Numeric Types#
Zerfoo provides two libraries for reduced-precision floating-point arithmetic: float16 (IEEE 754 half-precision and BFloat16) and float8 (FP8 E4M3FN). These are used throughout ztensor for quantized tensor storage and mixed-precision compute.
At a Glance#
| Type | Package | Bits | Format | Range | Precision | Best For |
|---|---|---|---|---|---|---|
Float16 | float16 | 16 | 1 sign + 5 exp + 10 mantissa | ~6.55 x 10^4 | ~3-4 digits | Inference weights, activations |
BFloat16 | float16 | 16 | 1 sign + 8 exp + 7 mantissa | ~3.39 x 10^38 | ~2-3 digits | Training (same range as float32) |
Float8 | float8 | 8 | 1 sign + 4 exp + 3 mantissa (E4M3FN) | ~448 | ~1-2 digits | Quantized inference, memory savings |
float16#
go get github.com/zerfoo/float16The float16 package provides two types in a single module: Float16 (IEEE 754 half-precision) and BFloat16 (Brain Floating Point).
Float16#
Standard IEEE 754 half-precision with 10 bits of mantissa. Good precision for inference weights and activations, but limited range.
import "github.com/zerfoo/float16"
a := float16.FromFloat32(3.14159)
b := float16.FromFloat64(2.71828)
sum := a.Add(b)
product := a.Mul(b)
fmt.Printf("Sum: %f\n", sum.ToFloat32())
fmt.Printf("Product: %f\n", product.ToFloat32())BFloat16#
Same exponent range as float32 (8 exponent bits) with reduced mantissa (7 bits). Preferred for training because it avoids overflow/underflow issues that Float16 suffers from at the edges of the float32 range.

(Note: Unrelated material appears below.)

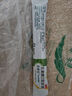 【原研荷蘭進(jìn)口】雅培 杜密克 乳果糖口服溶液15ml*6袋*1盒 潤腸通便 治療便秘 調(diào)理腸道健康 老幼孕糖尿病可用 曬單實拍圖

bf := float16.BFloat16FromFloat32(1.5)
f32 := bf.ToFloat32()Special Values and Classification#
f := float16.FromFloat32(3.14)
f.IsInf(0) // check for infinity
f.IsNaN() // check for NaN
f.IsFinite() // check for finite
f.IsNormal() // check for normalized
f.IsSubnormal() // check for subnormalRounding Modes#
config := float16.GetConfig()
config.DefaultRoundingMode = float16.RoundNearestEven // default
float16.Configure(config)
// Available: RoundNearestEven, RoundTowardZero,
// RoundTowardPositive, RoundTowardNegative, RoundNearestAwayVectorized Operations#
a := []float16.Float16{...}
b := []float16.Float16{...}
sum := float16.VectorAdd(a, b)
product := float16.VectorMul(a, b)float8#
go get github.com/zerfoo/float8The float8 package implements FP8 E4M3FN, an 8-bit floating-point format widely used for quantized ML inference. It has no infinity representation (the E4M3FN variant uses that encoding for additional finite values).
import "github.com/zerfoo/float8"
a := float8.FromFloat32(3.14)
b := float8.FromFloat32(2.71)
sum := a.Add(b)
product := a.Mul(b)
fmt.Printf("a + b = %f\n", sum.ToFloat32())
fmt.Printf("a * b = %f\n", product.ToFloat32())Fast Mode#
For performance-critical paths, enable lookup-table-based arithmetic:
float8.EnableFastArithmetic()
float8.EnableFastConversion()This trades memory for speed by using pre-computed tables.
When to Use Each Type#
| Scenario | Recommended Type |
|---|---|
| Model inference weights | Float16 or BFloat16 |
| Training (mixed precision) | BFloat16 (matches float32 range) |
| Quantized inference (Q8) | Float8 E4M3FN |
| CUDA kernel intermediate values | Float16 |
| Memory-constrained deployment | Float8 |
Integration with ztensor#
These types are first-class citizens in ztensor. Create tensors of any numeric type:
import (
"github.com/zerfoo/float16"
"github.com/zerfoo/ztensor/tensor"
"github.com/zerfoo/ztensor/compute"
"github.com/zerfoo/ztensor/numeric"
)
// Float16 tensor
a, _ := tensor.New[float16.Float16]([]int{2, 3}, data)
eng := compute.NewCPUEngine[float16.Float16](numeric.Float16Ops{})The compute engine handles dequantization automatically when mixing precision levels.